Desde hace mucho, los teóricos han señalado que las fuerzas del mercado no conducen a una óptima asignación de los recursos que se precisan para el desarrollo de innovaciones. En este caso la tasa privada de retorno de la inversión asignada es generalmente mucho más baja que la tasa social de retorno. El mercado tiene, pues, fallas que se manifiestan por la discrepancia del interés público y el interés privado en lo que concierne al monto y la orientación de los fondos que deben dedicarse a la generación de innovaciones.

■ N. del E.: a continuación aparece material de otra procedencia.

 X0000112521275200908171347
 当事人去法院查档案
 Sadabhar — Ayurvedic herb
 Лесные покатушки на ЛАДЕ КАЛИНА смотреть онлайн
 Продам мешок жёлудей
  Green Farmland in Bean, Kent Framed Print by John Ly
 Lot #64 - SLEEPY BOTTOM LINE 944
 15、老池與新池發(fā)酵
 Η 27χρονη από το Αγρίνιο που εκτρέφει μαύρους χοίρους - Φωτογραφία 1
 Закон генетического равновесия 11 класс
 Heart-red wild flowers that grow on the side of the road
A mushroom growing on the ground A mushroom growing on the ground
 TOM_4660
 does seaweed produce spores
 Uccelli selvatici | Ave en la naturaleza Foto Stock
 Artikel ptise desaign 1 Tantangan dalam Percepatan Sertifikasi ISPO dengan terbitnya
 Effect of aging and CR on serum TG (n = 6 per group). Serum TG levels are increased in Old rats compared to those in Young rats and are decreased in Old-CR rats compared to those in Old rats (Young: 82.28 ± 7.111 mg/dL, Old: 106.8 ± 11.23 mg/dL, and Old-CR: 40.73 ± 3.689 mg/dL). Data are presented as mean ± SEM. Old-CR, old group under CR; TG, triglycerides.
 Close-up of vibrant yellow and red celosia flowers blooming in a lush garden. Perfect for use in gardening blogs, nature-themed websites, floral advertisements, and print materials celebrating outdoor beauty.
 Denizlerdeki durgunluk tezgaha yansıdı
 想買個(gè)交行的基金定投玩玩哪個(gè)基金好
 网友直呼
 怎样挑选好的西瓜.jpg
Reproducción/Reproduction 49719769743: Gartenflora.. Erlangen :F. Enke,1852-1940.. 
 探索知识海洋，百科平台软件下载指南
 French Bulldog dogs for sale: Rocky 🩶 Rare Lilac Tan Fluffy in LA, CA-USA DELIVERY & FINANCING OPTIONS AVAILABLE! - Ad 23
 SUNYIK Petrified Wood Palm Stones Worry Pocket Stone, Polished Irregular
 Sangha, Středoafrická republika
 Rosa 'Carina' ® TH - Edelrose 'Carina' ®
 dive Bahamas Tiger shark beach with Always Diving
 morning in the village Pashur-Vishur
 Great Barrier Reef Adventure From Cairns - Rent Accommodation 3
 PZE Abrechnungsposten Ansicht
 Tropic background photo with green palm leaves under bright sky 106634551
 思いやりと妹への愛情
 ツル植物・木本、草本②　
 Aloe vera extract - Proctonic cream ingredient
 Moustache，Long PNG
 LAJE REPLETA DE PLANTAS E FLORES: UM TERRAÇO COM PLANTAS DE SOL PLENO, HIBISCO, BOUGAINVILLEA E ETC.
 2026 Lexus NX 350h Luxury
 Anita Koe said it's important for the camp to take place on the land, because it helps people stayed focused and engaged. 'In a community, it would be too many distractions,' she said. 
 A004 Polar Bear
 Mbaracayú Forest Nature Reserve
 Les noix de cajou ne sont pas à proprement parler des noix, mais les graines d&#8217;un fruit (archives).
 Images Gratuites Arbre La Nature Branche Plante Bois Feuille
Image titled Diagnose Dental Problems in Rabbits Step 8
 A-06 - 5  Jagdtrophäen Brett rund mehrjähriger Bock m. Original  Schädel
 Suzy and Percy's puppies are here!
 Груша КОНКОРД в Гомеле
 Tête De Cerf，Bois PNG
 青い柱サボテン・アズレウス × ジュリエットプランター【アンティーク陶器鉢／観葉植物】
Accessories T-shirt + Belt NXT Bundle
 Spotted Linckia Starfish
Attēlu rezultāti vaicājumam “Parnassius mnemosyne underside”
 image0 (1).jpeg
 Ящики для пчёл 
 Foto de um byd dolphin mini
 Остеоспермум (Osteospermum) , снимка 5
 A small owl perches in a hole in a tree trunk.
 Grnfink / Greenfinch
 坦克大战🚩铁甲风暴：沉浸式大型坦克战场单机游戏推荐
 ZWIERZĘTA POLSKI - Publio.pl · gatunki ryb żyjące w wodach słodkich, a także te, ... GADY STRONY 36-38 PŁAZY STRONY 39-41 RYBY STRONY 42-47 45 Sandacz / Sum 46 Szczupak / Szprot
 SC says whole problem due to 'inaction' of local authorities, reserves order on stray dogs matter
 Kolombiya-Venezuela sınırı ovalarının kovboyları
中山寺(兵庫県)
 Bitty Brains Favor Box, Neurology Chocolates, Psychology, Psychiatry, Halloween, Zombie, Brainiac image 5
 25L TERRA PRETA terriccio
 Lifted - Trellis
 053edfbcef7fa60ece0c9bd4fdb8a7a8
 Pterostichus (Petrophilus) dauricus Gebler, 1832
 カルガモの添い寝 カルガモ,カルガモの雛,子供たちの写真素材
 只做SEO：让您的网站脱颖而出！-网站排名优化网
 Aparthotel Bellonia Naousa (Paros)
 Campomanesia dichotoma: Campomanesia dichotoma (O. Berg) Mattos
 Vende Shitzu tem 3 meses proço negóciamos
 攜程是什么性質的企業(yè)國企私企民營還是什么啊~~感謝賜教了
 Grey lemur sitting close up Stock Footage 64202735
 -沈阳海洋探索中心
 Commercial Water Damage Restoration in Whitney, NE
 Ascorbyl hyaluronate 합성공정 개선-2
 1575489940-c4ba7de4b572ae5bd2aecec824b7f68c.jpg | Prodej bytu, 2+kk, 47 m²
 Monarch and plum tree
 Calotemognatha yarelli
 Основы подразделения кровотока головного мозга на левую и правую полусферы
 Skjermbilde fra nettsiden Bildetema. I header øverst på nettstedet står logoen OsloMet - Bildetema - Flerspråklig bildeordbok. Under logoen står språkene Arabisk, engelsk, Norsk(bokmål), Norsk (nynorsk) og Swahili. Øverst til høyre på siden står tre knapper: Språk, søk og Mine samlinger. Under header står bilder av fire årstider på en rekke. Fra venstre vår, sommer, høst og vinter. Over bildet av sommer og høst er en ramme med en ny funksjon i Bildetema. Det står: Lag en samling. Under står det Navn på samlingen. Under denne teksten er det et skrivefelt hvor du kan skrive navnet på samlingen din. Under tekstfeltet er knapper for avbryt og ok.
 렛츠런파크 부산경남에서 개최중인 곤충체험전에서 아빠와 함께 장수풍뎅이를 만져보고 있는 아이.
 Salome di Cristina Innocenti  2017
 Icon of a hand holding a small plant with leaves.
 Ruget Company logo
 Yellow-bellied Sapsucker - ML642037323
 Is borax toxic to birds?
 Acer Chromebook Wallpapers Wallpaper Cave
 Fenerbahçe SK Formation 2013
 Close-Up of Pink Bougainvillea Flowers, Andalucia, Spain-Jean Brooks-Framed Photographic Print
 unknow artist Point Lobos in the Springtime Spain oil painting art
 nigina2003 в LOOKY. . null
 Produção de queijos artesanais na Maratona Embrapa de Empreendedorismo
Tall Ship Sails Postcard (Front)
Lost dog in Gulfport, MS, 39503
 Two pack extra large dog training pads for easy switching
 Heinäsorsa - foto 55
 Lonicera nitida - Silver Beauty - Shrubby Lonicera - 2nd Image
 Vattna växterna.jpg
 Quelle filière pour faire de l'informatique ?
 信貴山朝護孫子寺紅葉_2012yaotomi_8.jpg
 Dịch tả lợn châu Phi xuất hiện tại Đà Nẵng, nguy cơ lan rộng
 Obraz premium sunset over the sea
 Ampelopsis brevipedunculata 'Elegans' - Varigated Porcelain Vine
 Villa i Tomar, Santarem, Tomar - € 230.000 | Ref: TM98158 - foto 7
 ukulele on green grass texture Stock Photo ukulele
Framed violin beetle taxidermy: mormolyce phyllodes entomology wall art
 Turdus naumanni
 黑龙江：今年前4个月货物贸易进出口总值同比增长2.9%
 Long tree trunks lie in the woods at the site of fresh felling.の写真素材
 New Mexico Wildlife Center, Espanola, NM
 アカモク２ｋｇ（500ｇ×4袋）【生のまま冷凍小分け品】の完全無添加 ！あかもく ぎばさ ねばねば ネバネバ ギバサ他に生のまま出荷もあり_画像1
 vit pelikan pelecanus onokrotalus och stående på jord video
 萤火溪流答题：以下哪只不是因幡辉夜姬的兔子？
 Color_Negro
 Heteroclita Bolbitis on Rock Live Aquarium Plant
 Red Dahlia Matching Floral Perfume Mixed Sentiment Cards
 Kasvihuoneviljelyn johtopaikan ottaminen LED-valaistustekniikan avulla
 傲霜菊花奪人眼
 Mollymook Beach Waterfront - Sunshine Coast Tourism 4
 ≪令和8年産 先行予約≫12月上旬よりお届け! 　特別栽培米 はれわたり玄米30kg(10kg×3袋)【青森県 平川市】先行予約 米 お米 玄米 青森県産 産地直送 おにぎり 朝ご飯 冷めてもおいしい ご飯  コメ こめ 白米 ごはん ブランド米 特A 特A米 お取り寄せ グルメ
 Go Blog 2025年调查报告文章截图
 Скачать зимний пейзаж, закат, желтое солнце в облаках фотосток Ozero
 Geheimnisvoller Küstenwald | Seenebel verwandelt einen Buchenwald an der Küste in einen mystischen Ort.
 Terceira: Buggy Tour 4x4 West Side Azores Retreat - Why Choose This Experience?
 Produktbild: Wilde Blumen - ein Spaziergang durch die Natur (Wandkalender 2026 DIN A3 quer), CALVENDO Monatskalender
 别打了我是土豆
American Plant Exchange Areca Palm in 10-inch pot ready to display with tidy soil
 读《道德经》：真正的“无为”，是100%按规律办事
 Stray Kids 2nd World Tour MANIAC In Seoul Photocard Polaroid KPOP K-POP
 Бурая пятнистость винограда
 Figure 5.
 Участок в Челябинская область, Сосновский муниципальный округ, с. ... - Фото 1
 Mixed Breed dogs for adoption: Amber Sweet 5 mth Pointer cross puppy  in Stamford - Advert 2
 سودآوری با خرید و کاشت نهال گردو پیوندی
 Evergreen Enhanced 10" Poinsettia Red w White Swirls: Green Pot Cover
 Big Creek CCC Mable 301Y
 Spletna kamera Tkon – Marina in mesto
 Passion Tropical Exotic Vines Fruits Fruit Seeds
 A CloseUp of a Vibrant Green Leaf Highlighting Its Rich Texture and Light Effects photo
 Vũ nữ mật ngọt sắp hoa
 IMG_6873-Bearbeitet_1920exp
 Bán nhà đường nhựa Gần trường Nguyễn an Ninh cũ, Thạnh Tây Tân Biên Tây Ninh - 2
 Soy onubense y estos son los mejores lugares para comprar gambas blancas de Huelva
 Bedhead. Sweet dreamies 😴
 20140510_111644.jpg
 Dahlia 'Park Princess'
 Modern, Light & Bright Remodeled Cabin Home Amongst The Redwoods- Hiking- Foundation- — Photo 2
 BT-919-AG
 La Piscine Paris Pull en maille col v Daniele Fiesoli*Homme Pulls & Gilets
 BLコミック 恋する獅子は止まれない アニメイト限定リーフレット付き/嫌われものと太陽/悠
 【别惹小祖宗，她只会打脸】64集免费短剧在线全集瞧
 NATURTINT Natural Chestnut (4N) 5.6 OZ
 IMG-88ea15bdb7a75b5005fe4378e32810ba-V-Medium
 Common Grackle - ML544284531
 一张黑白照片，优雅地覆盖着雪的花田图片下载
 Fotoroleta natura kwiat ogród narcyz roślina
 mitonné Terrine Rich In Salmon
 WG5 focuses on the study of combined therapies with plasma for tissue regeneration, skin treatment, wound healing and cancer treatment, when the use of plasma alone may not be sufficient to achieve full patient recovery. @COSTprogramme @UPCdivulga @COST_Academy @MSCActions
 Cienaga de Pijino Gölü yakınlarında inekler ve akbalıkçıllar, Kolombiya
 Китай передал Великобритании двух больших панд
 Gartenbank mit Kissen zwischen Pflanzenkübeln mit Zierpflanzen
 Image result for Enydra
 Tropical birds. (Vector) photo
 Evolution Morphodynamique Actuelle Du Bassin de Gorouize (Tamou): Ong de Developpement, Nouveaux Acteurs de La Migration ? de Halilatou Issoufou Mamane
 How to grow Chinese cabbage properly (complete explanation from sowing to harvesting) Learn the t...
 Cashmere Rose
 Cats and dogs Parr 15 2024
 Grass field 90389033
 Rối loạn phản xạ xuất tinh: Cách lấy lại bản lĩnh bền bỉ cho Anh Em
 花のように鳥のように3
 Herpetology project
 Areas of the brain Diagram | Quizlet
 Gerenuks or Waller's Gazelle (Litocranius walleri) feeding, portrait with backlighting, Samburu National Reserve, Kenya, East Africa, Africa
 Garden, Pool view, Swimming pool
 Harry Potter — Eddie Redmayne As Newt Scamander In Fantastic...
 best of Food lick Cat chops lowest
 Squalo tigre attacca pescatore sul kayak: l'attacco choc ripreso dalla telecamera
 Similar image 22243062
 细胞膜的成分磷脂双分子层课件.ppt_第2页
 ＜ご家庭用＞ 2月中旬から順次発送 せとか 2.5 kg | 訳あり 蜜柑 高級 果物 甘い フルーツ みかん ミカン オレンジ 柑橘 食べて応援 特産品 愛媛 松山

No puede ignorarse, entonces, la necesidad de la intervención estatal en el estímulo y orientación del desarrollo científico y tecnológico, aunque puedan discutirse, desde luego, las modalidades dentro de las que ella deba ocurrir. Así lo prueba incluso el más desprevenido análisis de la experiencia de países considerados como exitosos desde el punto de vista de sus logros industriales y tecnológicos. Japón es una demostración palmaria al respecto. La mano invisible del Estado, según la expresión del Profesor Cristopher Freeman, en la coordinación del esfuerzo nipón en materia de educación y tecnología constituye el mayor éxito de intervención estatal en nuestro siglo y puede resultar aún de mayor importancia la imitación coreana de este modelo. Igualmente, en los Estados Unidos, después de la reagonomics, se ha reivindicado el rol del gobierno en la economía y ha cobrado fuerza la convicción de contar con una política tecnológica, sobre la base, según señalé en la primera parte del artículo, de que la competitividad de la industria americana es hoy en día un problema de seguridad nacional.
El hecho de que Venezuela tenga un capitalismo poco actualizado, dentro del cual el mercado funciona con muchos tropiezos, y, como parte de ello, escasa cultura tecnológica, redoblan la necesidad de la participación estatal.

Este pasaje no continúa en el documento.